- [ASSIGNED TASK] Return each entry below exactly. Skip the images.

[DATA SECTION — start]

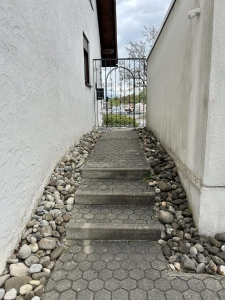 Zugang zu Tanjas Haarstudio in Eriskirch am Bodensee mit dekorativem Steingarten, gepflastertem Weg und Eisentor.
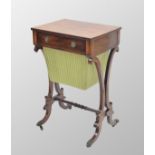 Regency rosewood work table, the rectangular top over a single frieze drawer and green pleated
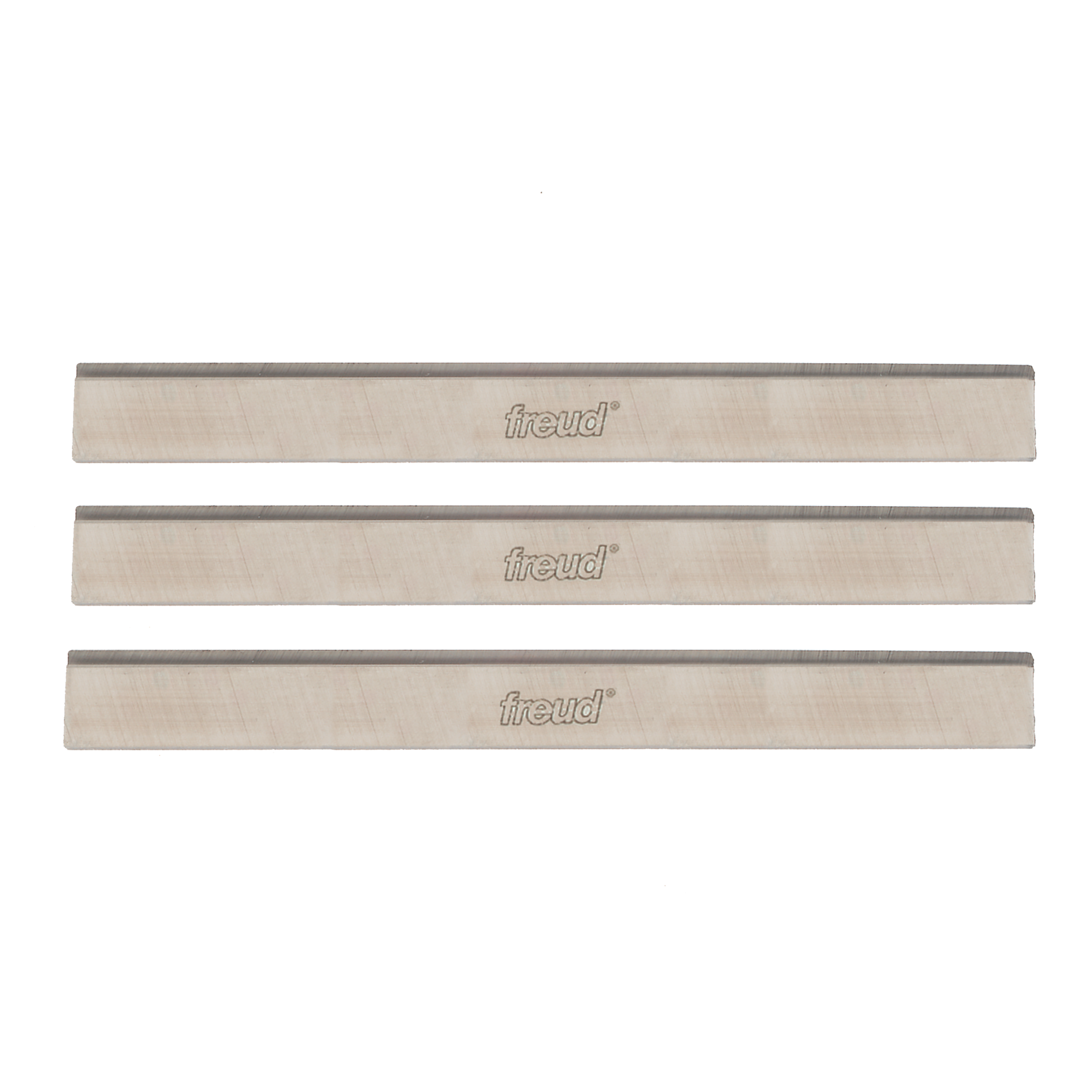 Three rectangular high speed steel planer knives with Freud branding and dark cutting edges.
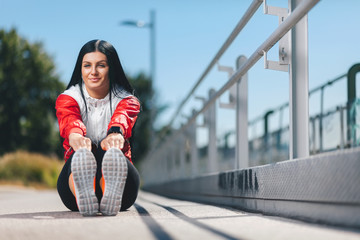 City workout. Beautiful woman training in an urban setting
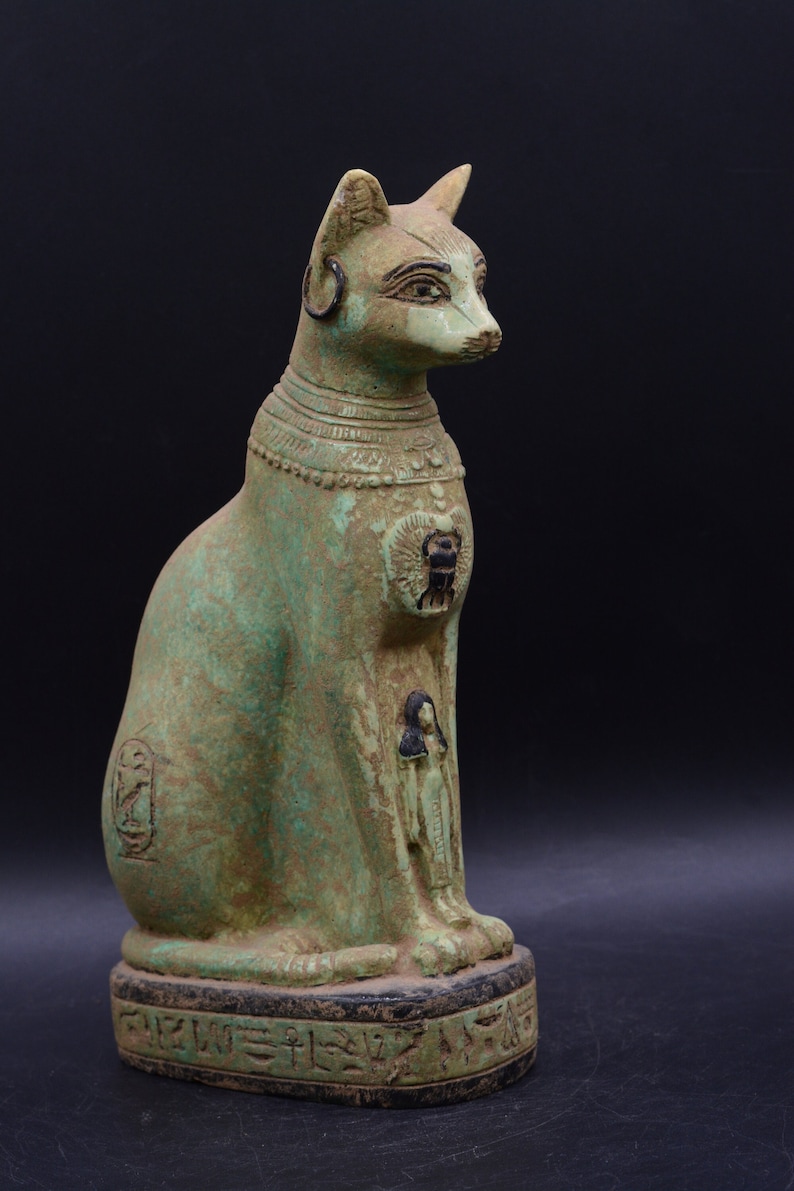 May include: A green and black Egyptian cat statue with hieroglyphics on the base. The cat is sitting with its head turned to the right. The statue is made of a hard material and has a smooth finish.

[DATA SECTION — finish]

- [ANSWER SPACE]
 Zugang zu Tanjas Haarstudio in Eriskirch am Bodensee mit dekorativem Steingarten, gepflastertem Weg und Eisentor.
 Regency rosewood work table, the rectangular top over a single frieze drawer and green pleated
 Three rectangular high speed steel planer knives with Freud branding and dark cutting edges.
 City workout. Beautiful woman training in an urban setting
 May include: A green and black Egyptian cat statue with hieroglyphics on the base. The cat is sitting with its head turned to the right. The statue is made of a hard material and has a smooth finish.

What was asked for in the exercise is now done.